Quelle relation entre Qualiopi et le collectif de travail ?

La démarche qualité mise en oeuvre par les OPAC doit-elle être uniquement considérée comme une réponse à un impératif règlementaire ? 

Dans cet article, je voudrais justement interroger cet impératif réglementaire.
S
ur le plan de la qualité de la formation et celui de la justification des fonds engagés pour financer les prestations, il s’avère totalement justifié.
Néanmoins, il peut venir
questionner voire bousculer l’organisation-même du travail au sein d’un collectif de collaborateurs aux compétences et profils différents.

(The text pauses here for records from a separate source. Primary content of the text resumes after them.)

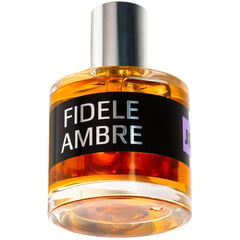 Fidele Ambre by Dame Perfumery Scottsdale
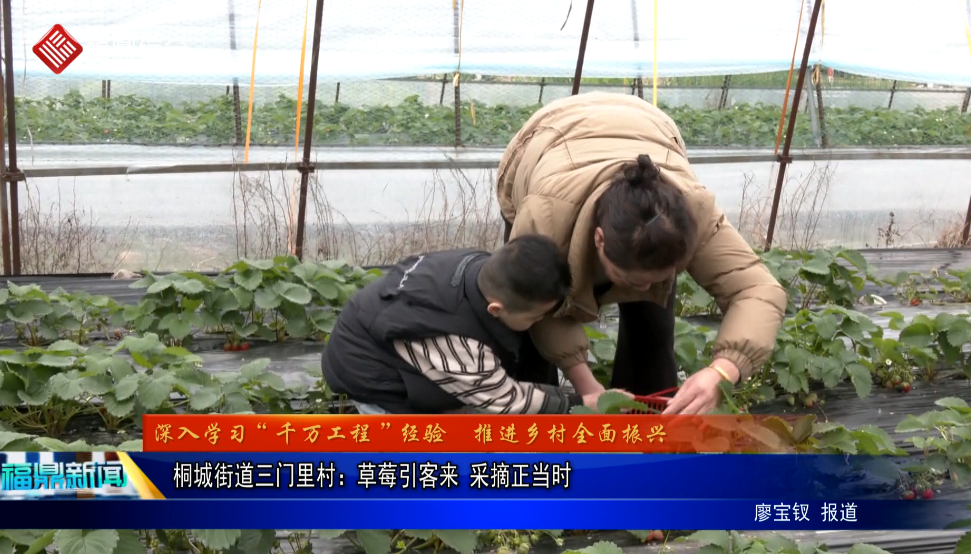 桐城街道三门里村：草莓引客来   采摘正当时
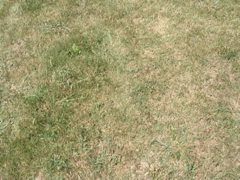 DSCN1428.JPG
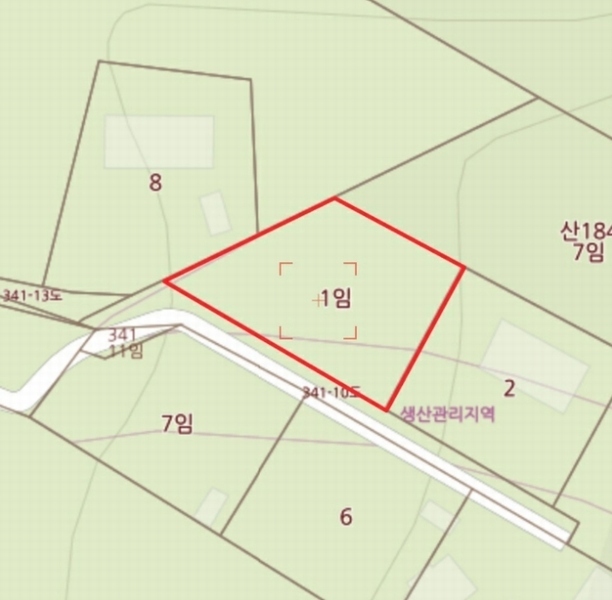 사진 5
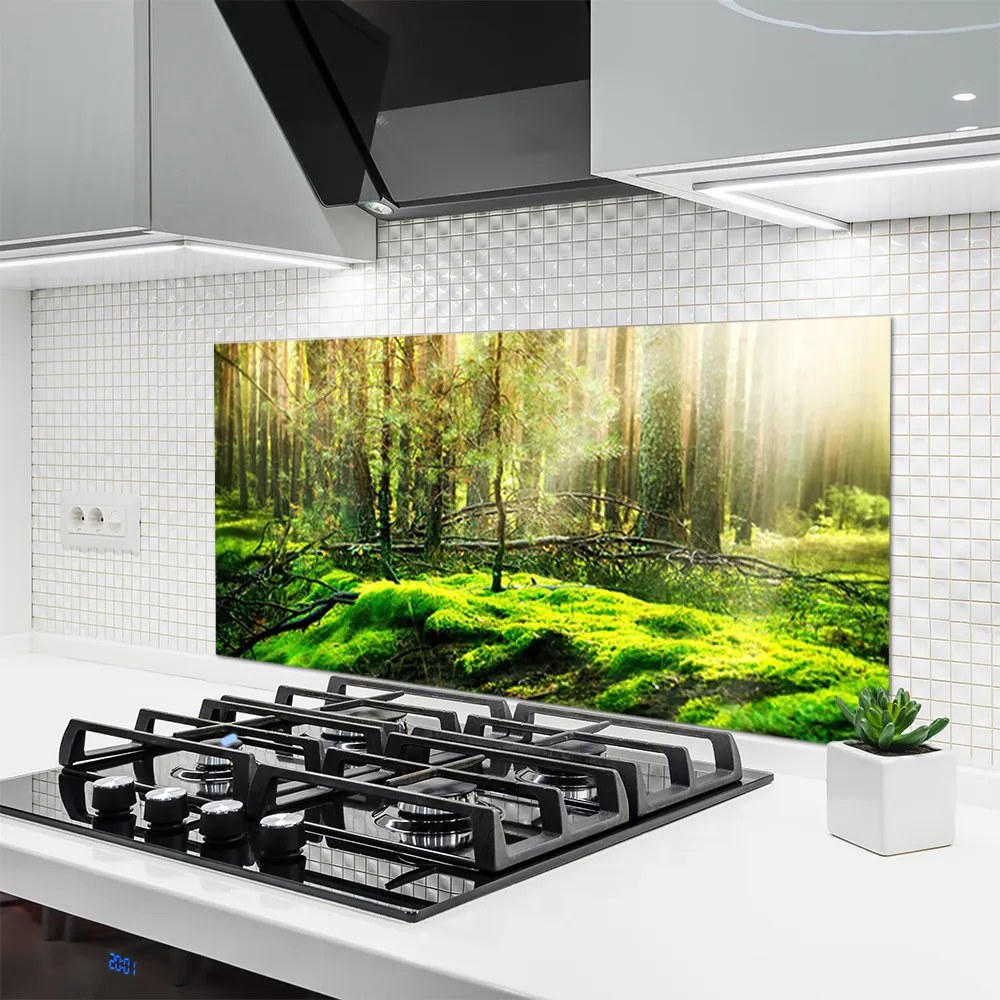 Panel Szklany do Kuchni Naturalny Zielony Mech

BALBUTIEMMENTS D’UNE DEMARCHE QUALITE 

Un mouvement de fond s’est développé au fil des années en termes de démarche qualité dans différents secteurs.
Celui de la formation professionnelle a commencé à en connaître les prémices dès 2014 avec l’arrivée de « Data-dock ».

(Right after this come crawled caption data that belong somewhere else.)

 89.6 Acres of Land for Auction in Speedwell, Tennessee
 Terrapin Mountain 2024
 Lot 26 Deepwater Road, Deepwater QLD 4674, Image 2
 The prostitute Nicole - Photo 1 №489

Lors de précédentes fonctions dans le secteur du bâtiment, j’avais déjà pu observer cette évolution, notamment lors de l’apparition de la mention « RGE » (Reconnu garant de l’environnement), qualification (liée à un métier) et non une certification, permettant d’attester d’une expertise dans une catégorie de travaux et de l’excellence dans la réalisation de chantiers. Cette mention permettait de pouvoir faire bénéficier sa clientèle de financements divers (crédits d’impôts, CEE, Eco-PTZ…).
Cela devenait donc un impératif, malgré l’existence depuis une dizaine d’années d’autres démarches qualité volontaires dans l’univers du bâtiment (Qualibat, Qualifelec, OPQIBI, I.Cert, Certibat…).

Avec l’émergence de « RGE » étaient apparues les réticences et tiraillements devant cette approche qui visaient à démontrer qu’on faisait bien son travail et qu’on respectait les règles de l’art. Les mêmes émois ont secoué la sphère formation lors de la naissance de « Data-dock ».

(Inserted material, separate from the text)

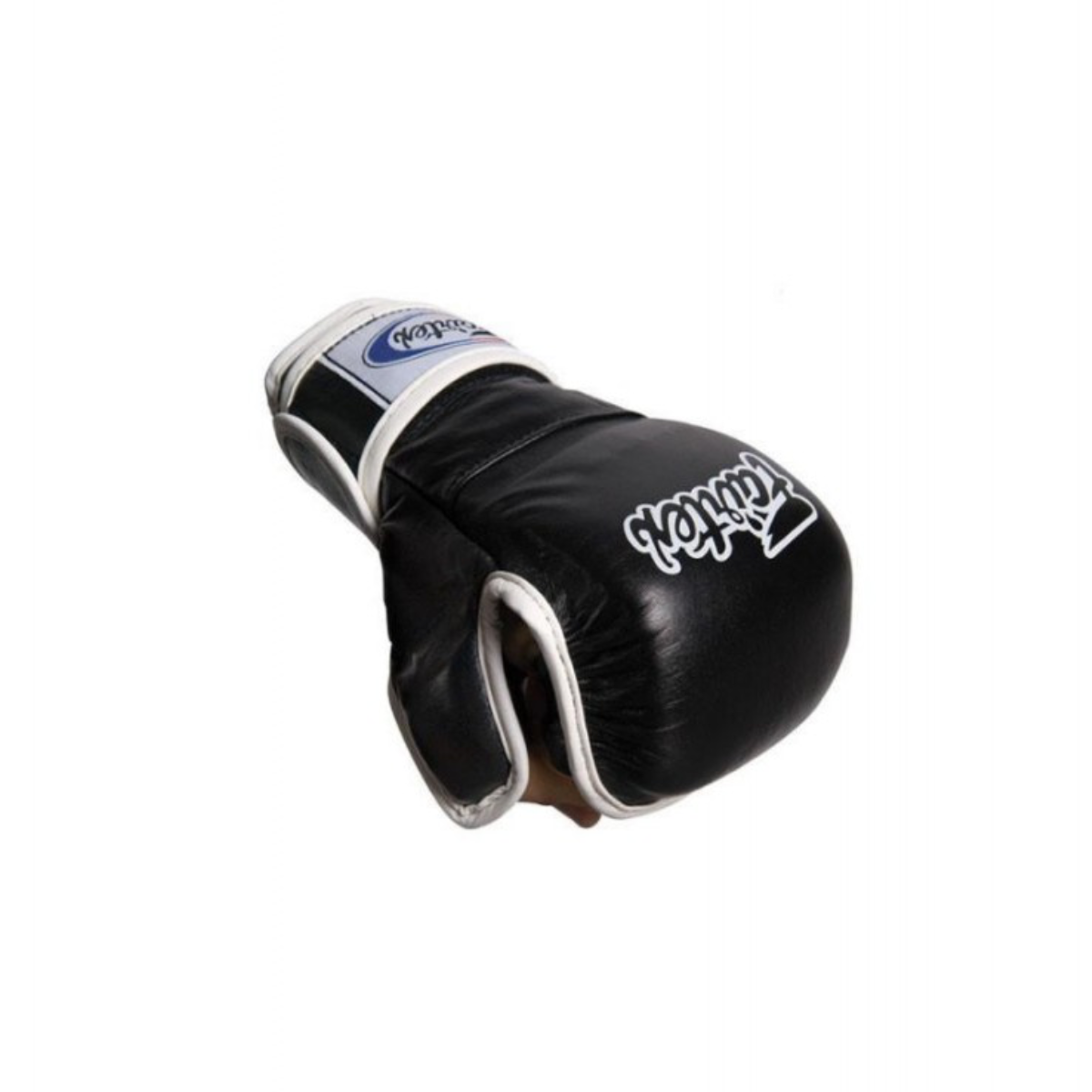 FAIRTEX MMA Handschuhe FGV 15 schwarz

Ces deux démarches, « RGE » et « Data-dock », n’étaient pourtant pas des certifications et, de mon point de vue, n’ont pas appelé de réelles évolutions de l’organisation du travail dans les structures concernées.

« RGE » allait néanmoins plus loin que « Data-dock ». En effet, dans ce premier domaine du bâtiment, il y avait déjà (et toujours) des audits réguliers de chantiers, alors que, dans le domaine de la formation, « Data-dock » restait une démarche déclarative et les « contrôles » diligentés par un financeur ou par le GIE Data-dock restaient plutôt rares (de l’ordre de 1000 à 2000 par an).

Pour ceux qui voulaient aller plus loin et démontrer leur engagement qualité de manière plus appuyée, le choix d’une qualification ou certification volontaire s’avérait dès lors incontournable. Des  organismes comme ICPF-PSI, I.Cert, ISQ, et bien d’autres proposaient des « certifications et labels qualités » pour la plupart reconnus par le « CNEFOP » comme valides pour démontrer le respect les critères du décret du 30.06.2015 (le fameux « Acte I » de la qualité).

L’ensemble de ces démarches, bien qu’exigeantes et rigoureuses, n’ont pas entraîné les mêmes débats que ceux générés par la naissance de Qualiopi. Elles étaient avant tout l’affaire de spécialistes, qui occupait souvent des fonctions dédiées au sein de leurs structures respectives et ne semblaient pas autant partagées ou à partager, au sein des collectifs de travail.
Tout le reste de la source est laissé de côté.